OORL.PolicyLearning (object v0.1.2)

Policy learning implementation for OORL framework with social and collective learning.

Provides policy optimization algorithms including:

  • Individual policy gradient methods
  • Social learning with peer influence
  • Collective policy optimization
  • Meta-learning for strategy adaptation

Summary

Functions

Performs collective policy optimization across multiple objects.

Processes learning from interaction dyad experiences.

Creates a new policy learning configuration.

Selects action based on current policy and exploration strategy.

Performs social imitation learning by learning from peer policies.

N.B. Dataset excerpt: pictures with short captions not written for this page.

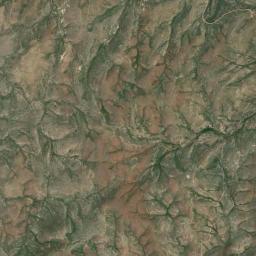 Aerial view of Fox Mine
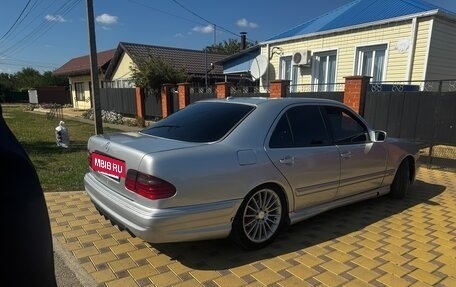 Mercedes-Benz E-Класс, 2000 год, 580 000 рублей, 20 фотография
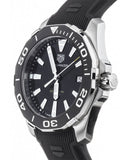Tag Heuer Aquaracer Black Dial Watch for Men - WAY111A.FT6151 Authentic Buy Shop Now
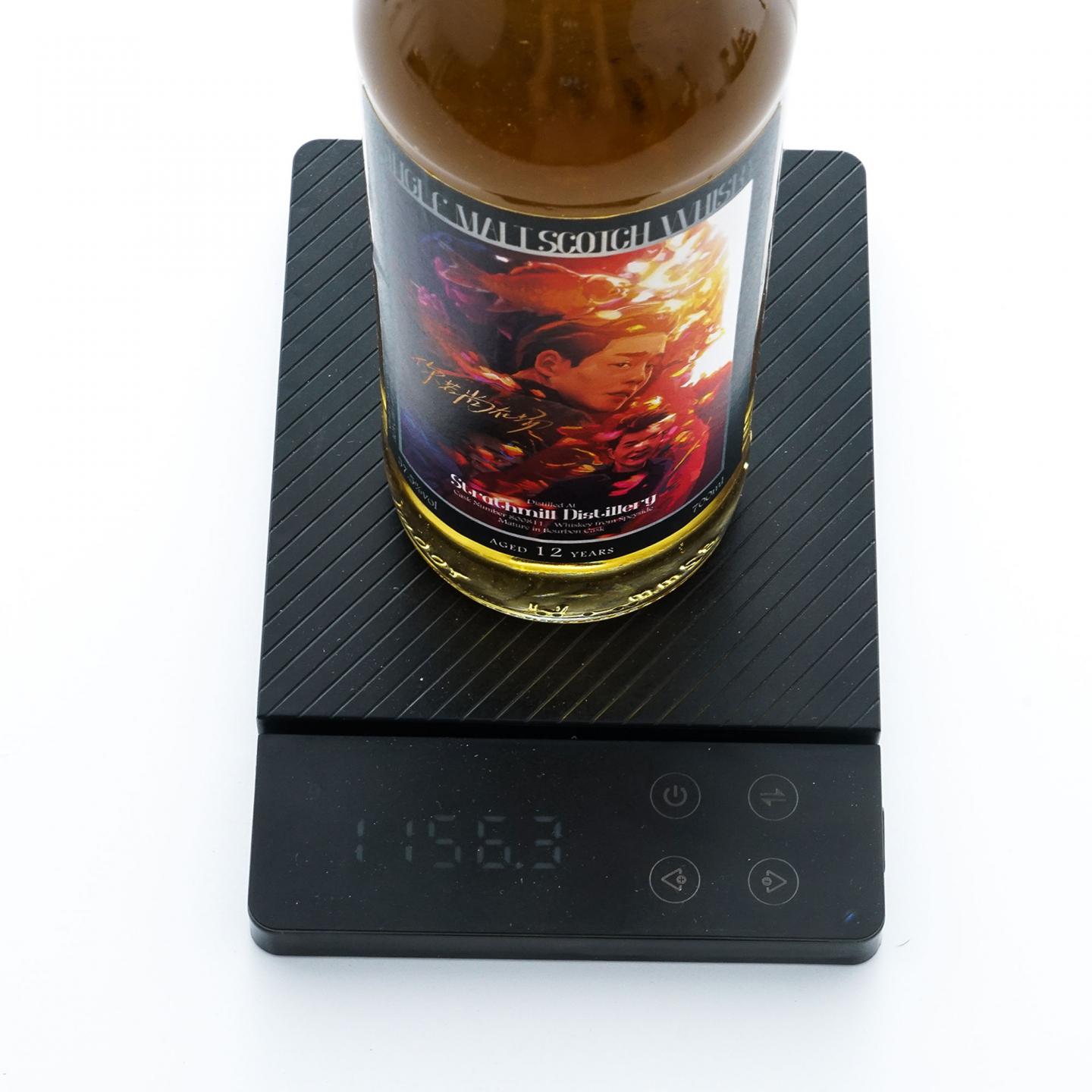 Strathmill 斯特拉斯米尔 12年 2009-2021 波本桶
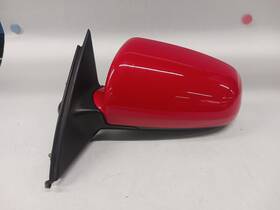 8e1858531aa01c Audi Ft02-ft08 A4 Left Driver Door Mirror Power Sedan Oem 1 Year Warranty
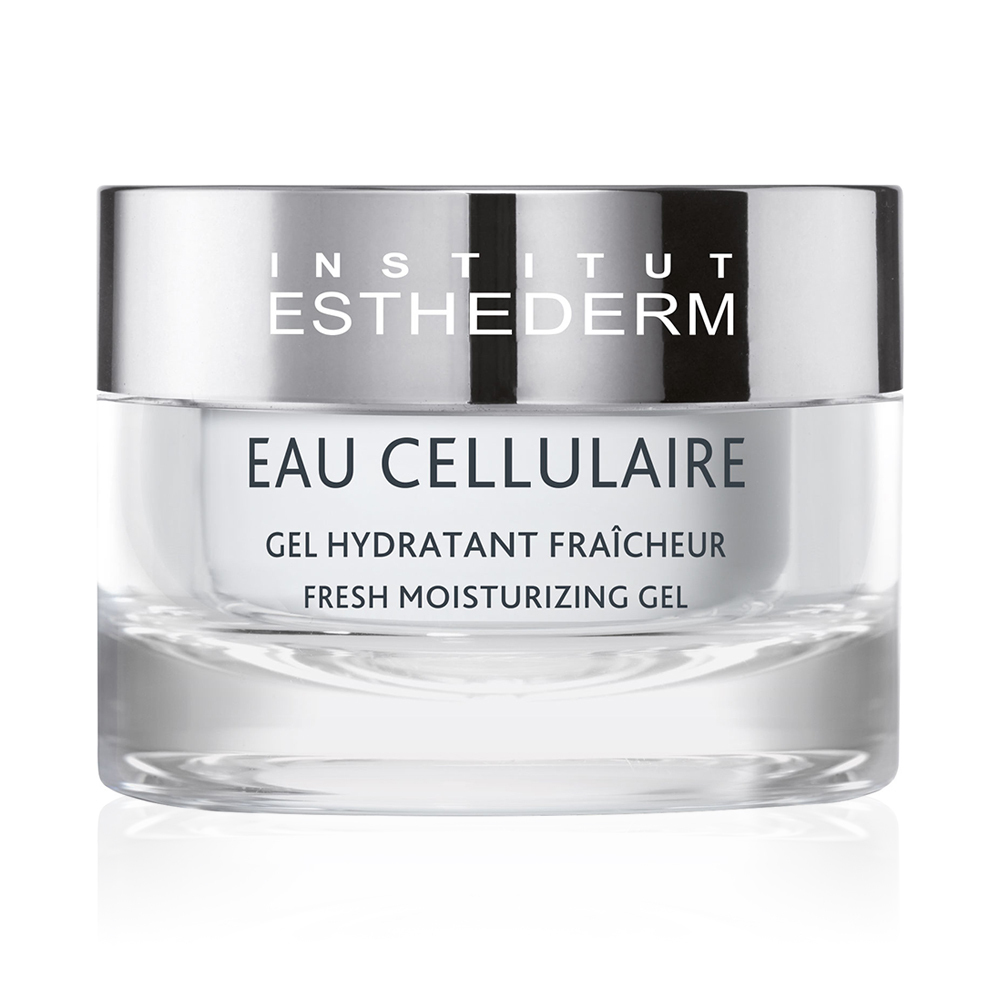 INSTITUT ESTHEDERM - EAU CELLULAIRE Fresh Moisturizing Gel - 50ml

Updates policy parameters using gradient-based optimization.

Types

learning_config()

@type learning_config() :: %{
  learning_rate: float(),
  batch_size: integer(),
  exploration_rate: float(),
  social_influence: float()
}

policy_type()

@type policy_type() :: :neural | :tabular | :linear | :tree_based

t()

@type t() :: %OORL.PolicyLearning{
  collective_optimization: boolean() | nil,
  experience_buffer: list() | nil,
  exploration_strategy: atom() | nil,
  learning_rate: float() | nil,
  meta_learning_config: map() | nil,
  peer_policies: map() | nil,
  performance_history: list() | nil,
  policy_network: map() | nil,
  policy_type: policy_type() | nil,
  social_learning_enabled: boolean() | nil
}

Functions

collective_policy_optimization(object_policies, collective_experiences, optimization_config \\ %{})

Performs collective policy optimization across multiple objects.

Parameters

  • object_policies: Map of object_id -> policy_learner
  • collective_experiences: Shared experiences across objects
  • optimization_config: Collective optimization settings

Returns

Updated map of object policies with collective improvements

evaluate_policy(policy_learner, test_scenarios, evaluation_metrics \\ [:return, :success_rate])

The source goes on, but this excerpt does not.